Heart cells are the same in that they contain these special voltage-gated membrane channels, these voltage-gated ion channels that allow for an action potential to form. They’re capable of doing an action potential because they have these voltage-gated sodium and potassium channels. Because of that, heart muscle cells fall into the same category as nervous–of neurons in that they’re in the general category called excitable cells. They’re excitable cells, means they’re capable of making an action potential. To have an action potential they need to have these specialized voltage-gated ion channels in their membranes. Cardiac myocytes have that, they also have actin and myosin. They’re muscle cells and they’re capable of contracting, meaning that this myocyte here can shorten itself. It can make itself shorter by contracting just like a muscle, a whole muscle contracts.

That’s different than neurons so they have this capacity to transmit action potentials; they have this capacity to contract. Now, in muscle cells, as we’ll see in a few minutes, those things are linked. When a muscle cell experiences an action potential it doesn’t do what a nerve cells does, which is pass that information along to another cell via neurotransmitters, instead it contracts. It also passes along the action potential but it doesn’t do that through a chemical synapse like in neurons, it does it through an electrical synapse in that these cells are very tightly welded together. Remember we talked about in the nervous system, the two cells don’t physically touch, there’s a space in between that’s called the synapse and it’s over this synapse that neurotransmitters act. They’re released from the pre-synaptic cell and they create a change in the post-synaptic cell. Cardiac myocytes are basically welded together. In fact, there are special junctions called gap junctions in between them that allow the easy flow of current.

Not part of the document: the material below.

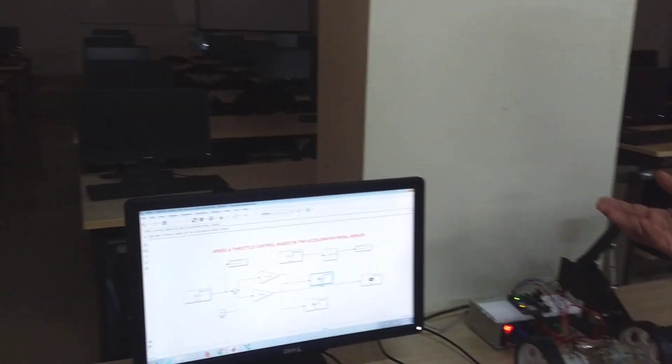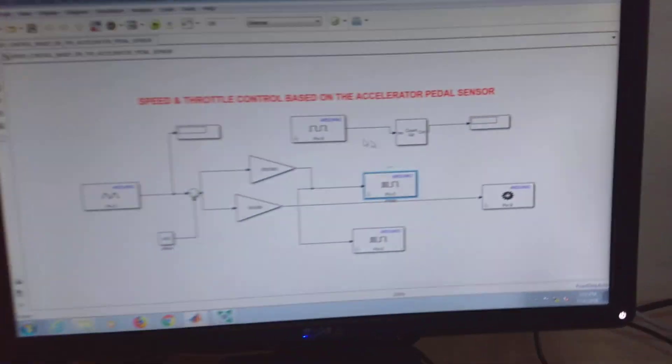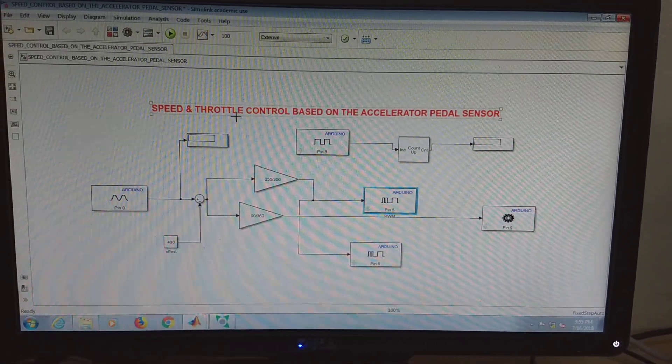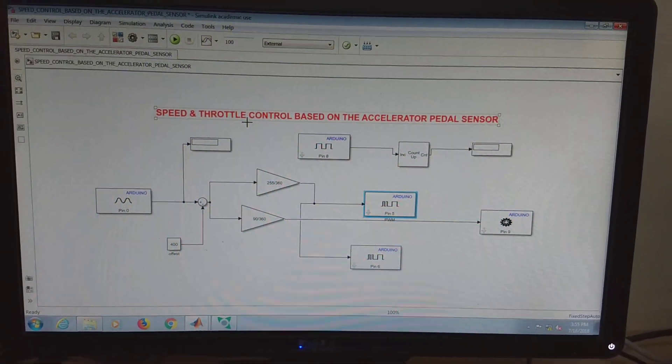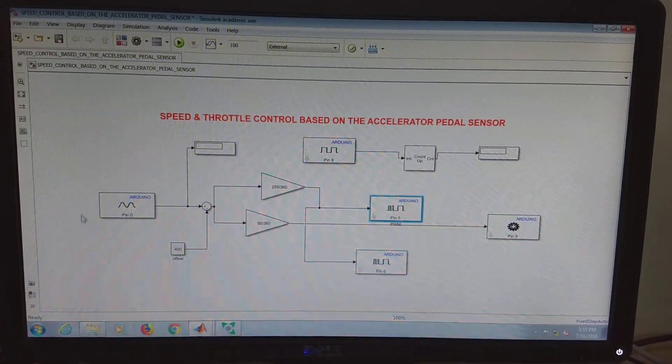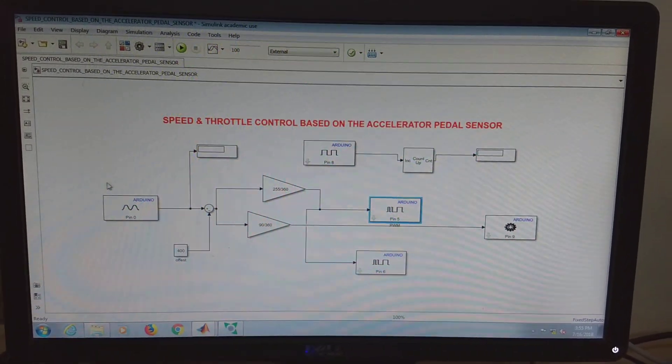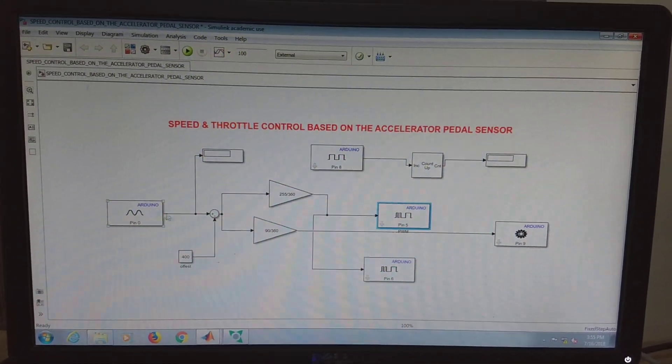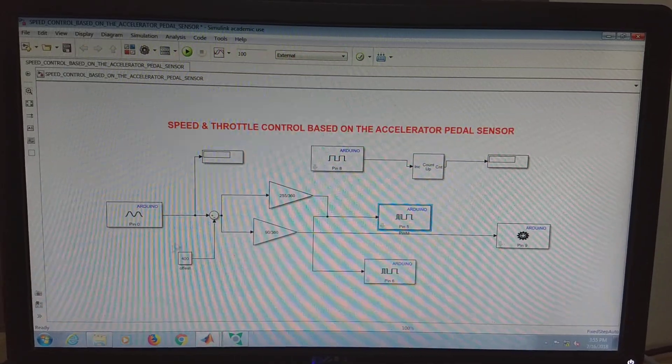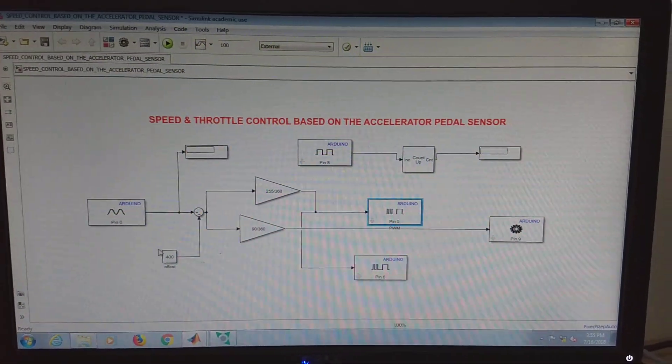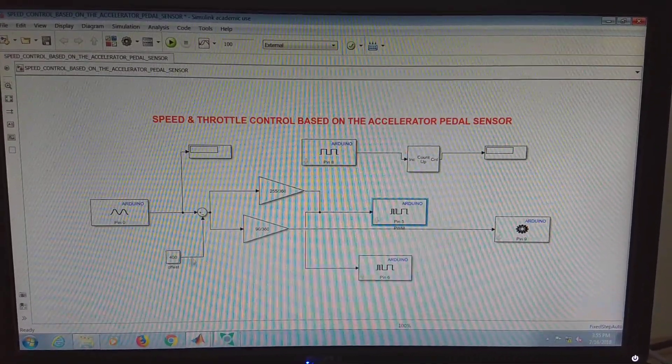So this is one of the examples where we are controlling the speed and throttle based on the accelerator pedal sensor. Sensor data is read with the help of analog input, and then if there is any offset in the sensor value, that is subtracted and nullified.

If an action potential flows through this myocyte, from this end to the other, it doesn’t have to–it basically flows straight into the next cell because they’re directly electrically coupled. If an action potential arises and comes from this direction, it flows very quickly down this membrane, it causes this cell to contract, it flows right into the next cell causing this cell to contract, flows right into the next cell causing it to contract. So, in cardiac muscle wherever the action potential starts it contracts first, then the action potential flows into the neighboring cells, they contract. You can think about the cardiac myocardium, the sheet that I showed you last time, the muscular walls of the heart, as being sort of a sheet of these cells that are all connected to each other. If I start an action potential in one space, it’s going to flow over the surface. As it flows over the surface cells will be contracting right behind it; so electrical flow followed immediately by contraction locally. Does that make sense?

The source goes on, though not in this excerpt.